Ethical Use of the SCRATCH Area
Users are encouraged to respect the intended use of the various areas. Users are reminded that the SCRATCH area is not subject to restrictions (quota) to facilitate the production of data, even large amounts. However, the SCRATCH area should not be used as a temporary storage area. Users are warned against using “touch” commands or similar methods to extend the retention of files beyond the 40-day limit. The use of such “improper” procedures will be monitored, and users will be subject to various degrees of restrictions up to a ban.
Description of Data Areas
Backup Policies and Data Availability
- Daily backups guarantee the $HOME filesystem. In particular, the daily backup procedure preserves a maximum of three different copies of the same file. Older versions of files are kept for 1 month. The last version of deleted files is kept for 2 months, then definitely removed from the backup archive. Different agreements about Backup policies are possibile. For more information contact the HPC support (superc@cineca.it).
- Data, both backed up and non-backed up, are available for the entire duration of the project.
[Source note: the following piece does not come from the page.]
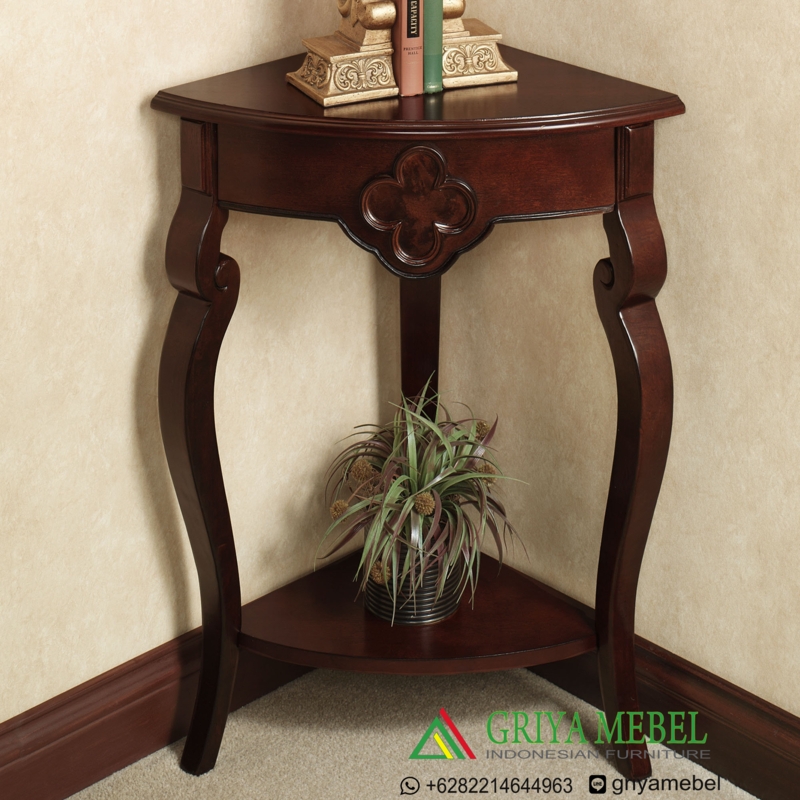 Traditional Corner Table with Carved Quatrefoil and Cabriole Legs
After a project expires, users will still have full access to the data for an additional six months. Beyond this six-month period, data availability is not guaranteed. A scheme of data availability is reported in the figure below.
Important: Users have responsibility to backup their important data !!!
Monitoring the occupancy
The occupancy status of all areas accessible to a user, along with the storage quota limits, can be monitored using a simple command available on all HPC cluster. There are two commands named cindata
, cinQuota
(only for Galileo 100 and Leonardo). For both commands the flag -h
can be used to show the help. In the follwing, an example of cindata
and cinQuota
outputs produced for a DRES user is shown.
File permissions
As explained above, $WORK and $DRES are environmental variables automatically set in the user environment.
$WORK variable points to a directory (fileset) specific for one of the user projects:
/gpfs/work/<account_name>
$DRES variable points to space where all of the dres are defined:
/gss/gss_work/
In order to use a specific dres type the following path:
$DRES/<dres_name>
The owner of the root directory is the "Principal Investigator" (PI) of the project or the "owner" of the DRES, the group corresponds to the name of the project or the name of the DRES. Default permissions are:
own: rwx group: rwx other: -
In this way, all project collaborators, sharing the same project group, can read/write into the project/dres fileset, whereas other users can not.
Users are advised to create a personal subdirectory under $WORK and $DRES. By default, files into the subdirectory are private, but the owner can easily share the files with the other collaborators by opening the subdirectory:
chmod 777 mydir chmod 755 mydir
Since the $WORK/$DRES fileset is closed to non collaborators, the data sharing is active only among the project collaborators.Pointing $WORK to a different project: the chprj
command
Pointing $WORK to a different project: the chprj command
The user can modify the project pointed to by the variable $WORK using the "change project" command.
To list all your accounts (both active or completed) and the default project:
chprj -l
To set $WORK to point to a different <account_no> project:
chprj -d <account_no>
More details are in the help page of the command:
chprj -h chprj --help
On LEONARDO only: The command applies to the $FAST variable as well.
Endianness
Endianness is the attribute of a system that indicates whether integers are represented from left to right or right to left. At present, all clusters in Cineca are "little-endian".